跳转到文档内容
版本:v2.5.1

Enable Metax GPU sharing

HAMi now supports metax.com/gpu by implementing most device-sharing features as nvidia-GPU, device-sharing features include the following:

  • GPU Sharing: Tasks can request a fraction of a GPU rather than the entire GPU card, allowing multiple tasks to share the same GPU.

  • Device Memory Control: Tasks can be allocated a specific amount of GPU memory, with strict enforcement to ensure usage does not exceed the assigned limit.

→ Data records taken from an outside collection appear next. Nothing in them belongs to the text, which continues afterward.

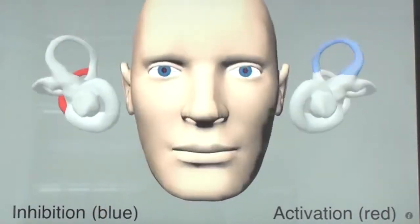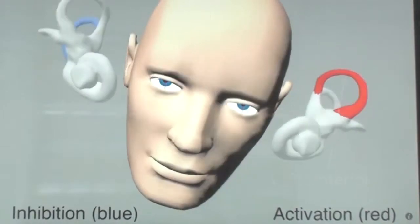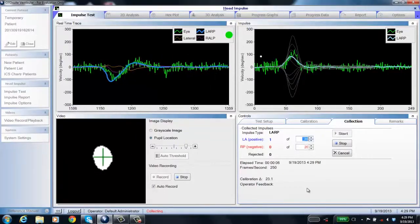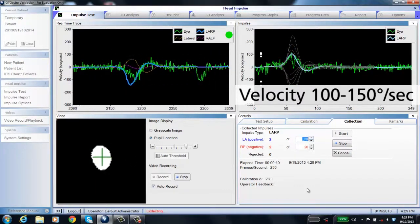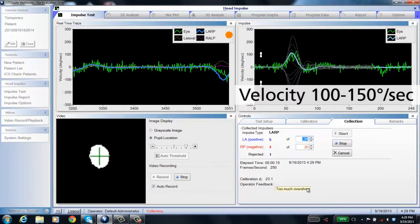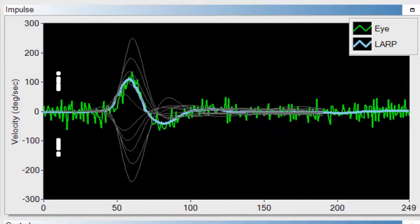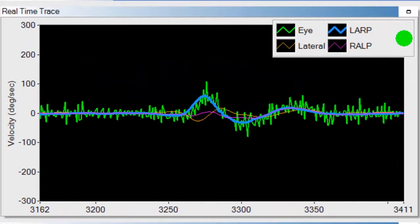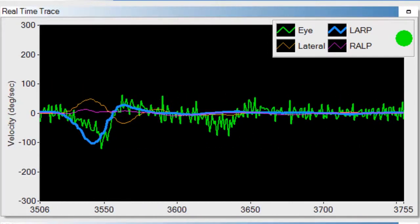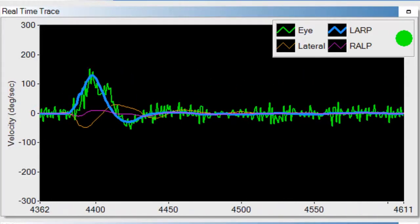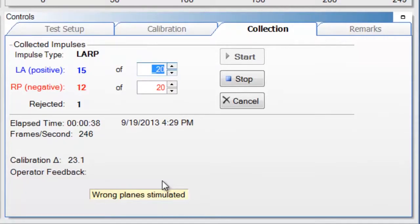When performing head impulses, moving the head downward stimulates the anterior canal, and moving the head backwards stimulates the posterior canal. It is still a small amplitude — only 10 to 15 degrees — and velocity will be slightly smaller than lateral head impulses, around 100 to 150 degrees per second instead of 150 to 200. Make sure your data matches the training curves. Only the blue head trace should be moving; the orange and pink should be fairly flat. If the head drifts toward center or the impulse is directed toward the nose, you'll get an orange light with the message 'wrong plane stimulated.'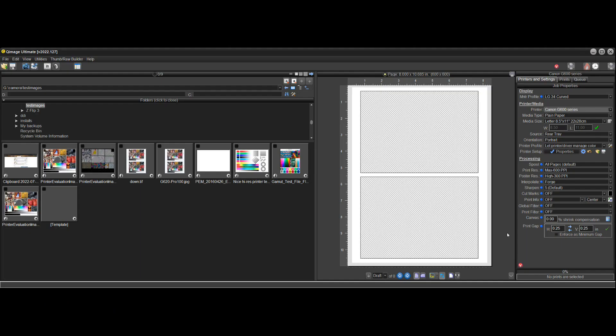Hi there and welcome to another QImage Ultimate instructional video. This video will cover the new driver AI system. In the prior two versions we had the beginnings of this system called smart driver settings, but the settings and the whole system have gotten so intelligent that we can now legitimately call it AI, because it really is taking in information from the environment and making the decisions that a human would typically make with regard to the driver settings. So let's take a look at how the system works.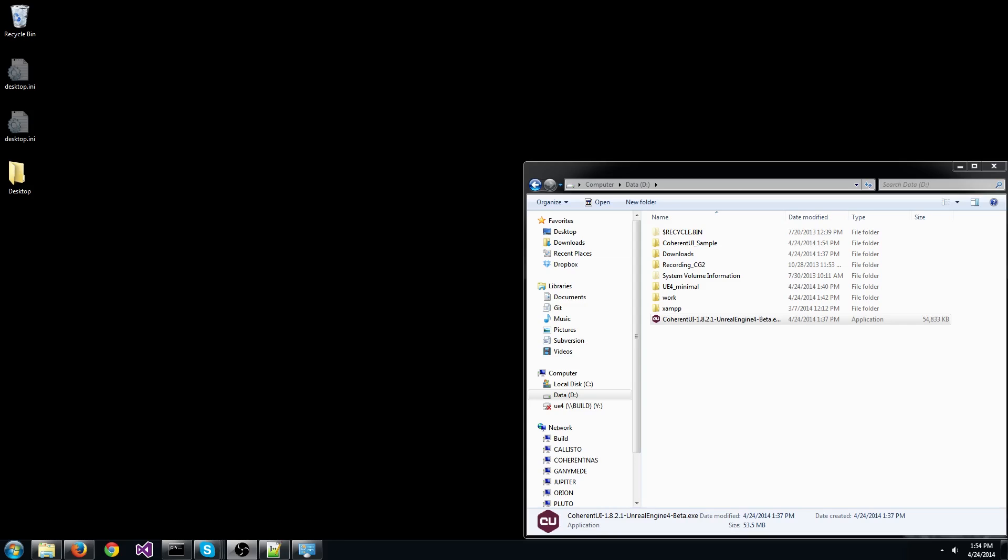Hi everybody, in this tutorial I'll show you how easy it is to integrate Coherent UI into your Unreal 4 game.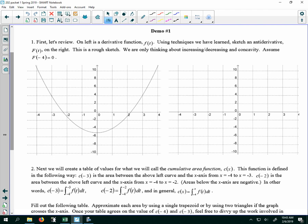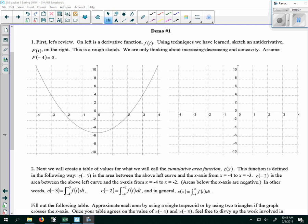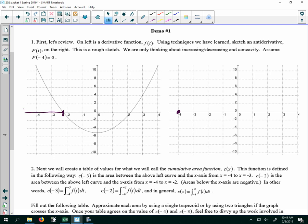We're going to assume capital F of negative 4 is 0, so I can put that point there. So from there, I know that when the derivative is positive, the function is increasing, and when the derivative is negative, the function is decreasing. So I'm going to make some notes on my derivative function. This derivative function is positive, which means that capital F on this interval is increasing. Then in between negative 2-ish and 2-ish, capital F — the antiderivative — is decreasing, because the derivative is negative.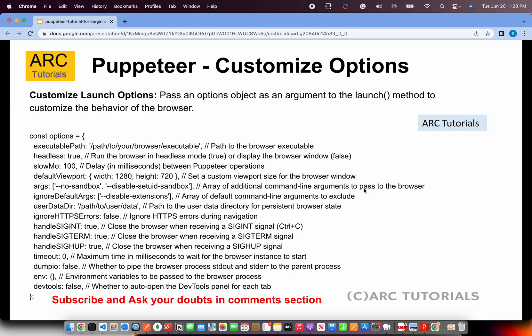So what are the different options that are available with respect to Puppeteer? When we launch, when we call the Puppeteer.launch method, it takes different attributes that are listed on the screen. These are important. The first one being executable path. This is the path of the browser.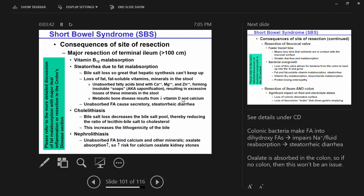Consequences of site of resection — this is a repeat. When you have major resection of the ileum, we already know what happens. Go back into the notes and learn this and be able to discuss it as presented in Crohn's disease.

  • Compute Core Limiting: Tasks can be allocated a specific percentage of GPU compute cores (e.g., 60 means the container can use 60% of the GPU’s compute cores).

Prerequisites

  • Metax Driver >= 2.31.0
  • Metax GPU Operator >= 0.10.1
  • Kubernetes >= 1.23

Enabling GPU-sharing Support

  • Deploy Metax GPU Operator on metax nodes (Please consult your device provider to acquire its package and document)

  • Deploy HAMi according to README.md

Running Metax jobs

Metax GPUs can now be requested by a container using the metax-tech.com/sgpu resource type:

apiVersion: v1
kind: Pod
metadata:
name: gpu-pod1
spec:
containers:
- name: ubuntu-container
image: cr.metax-tech.com/public-ai-release/c500/colossalai:2.24.0.5-py38-ubuntu20.04-amd64
imagePullPolicy: IfNotPresent
command: ["sleep","infinity"]
resources:
limits:
metax-tech.com/sgpu: 1 # requesting 1 GPU
metax-tech.com/vcore: 60 # each GPU use 60% of total compute cores
metax-tech.com/vmemory: 4 # each GPU require 4 GiB device memory

NOTICE1: You can find more examples in examples/sgpu folder.